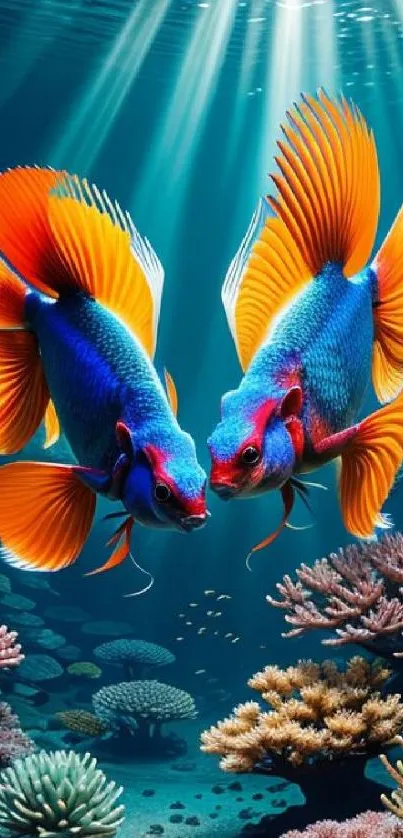 Two vibrant fish swimming amid colorful corals underwater.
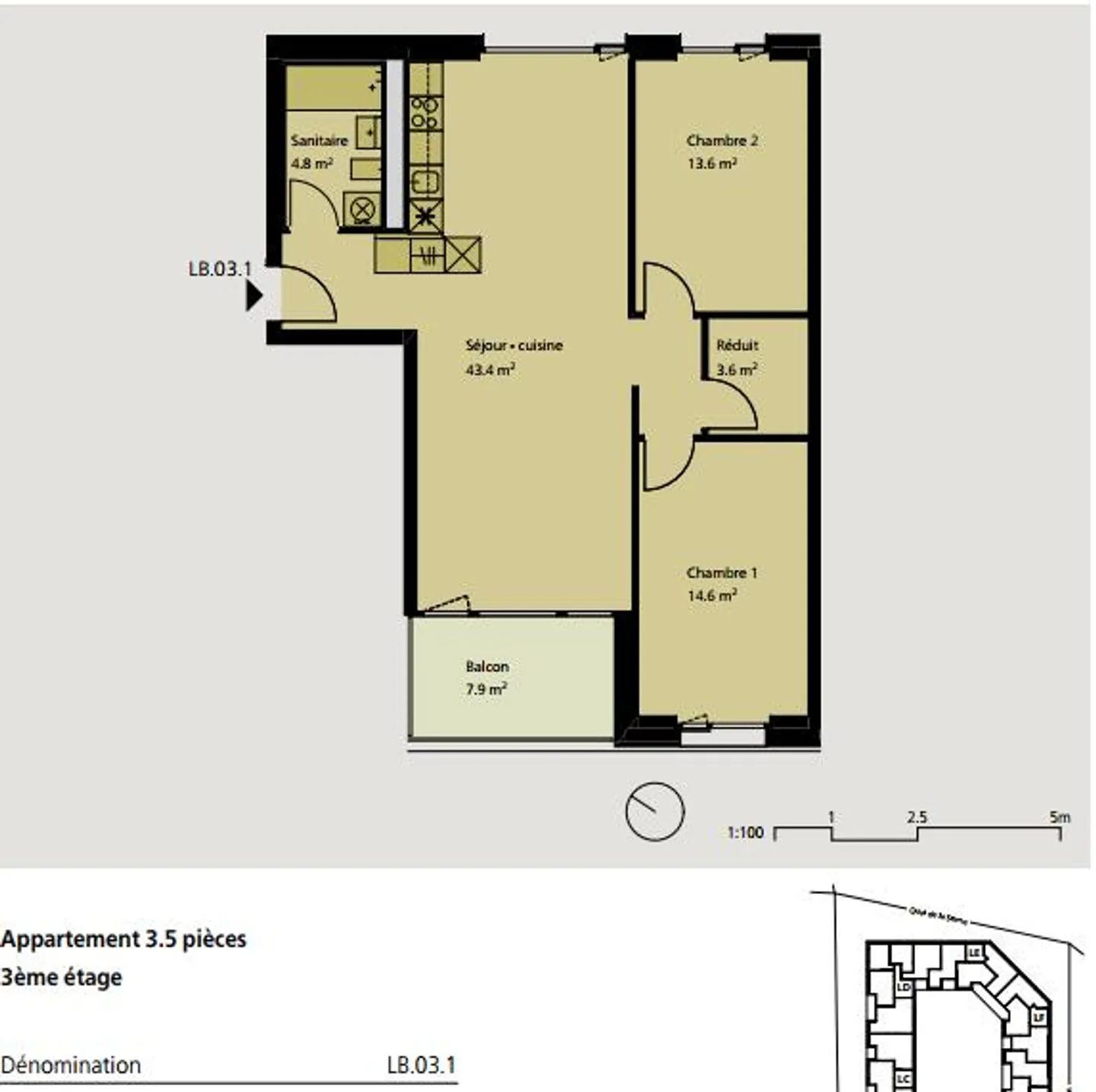 3,5-Zimmer-Wohnung zur Miete in Delémont 1 - Foto 5 von 5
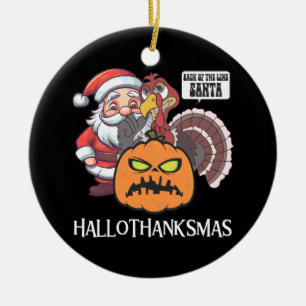 Happy Hallothanksmas Ceramic Tree Decoration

▬▬▬▬▬▬

* [TO DO]
In full and without error, repeat the listing above, omitting its images.

* [RESULT OF THE TASK]
 Two vibrant fish swimming amid colorful corals underwater.
 3,5-Zimmer-Wohnung zur Miete in Delémont 1 - Foto 5 von 5
 Happy Hallothanksmas Ceramic Tree Decoration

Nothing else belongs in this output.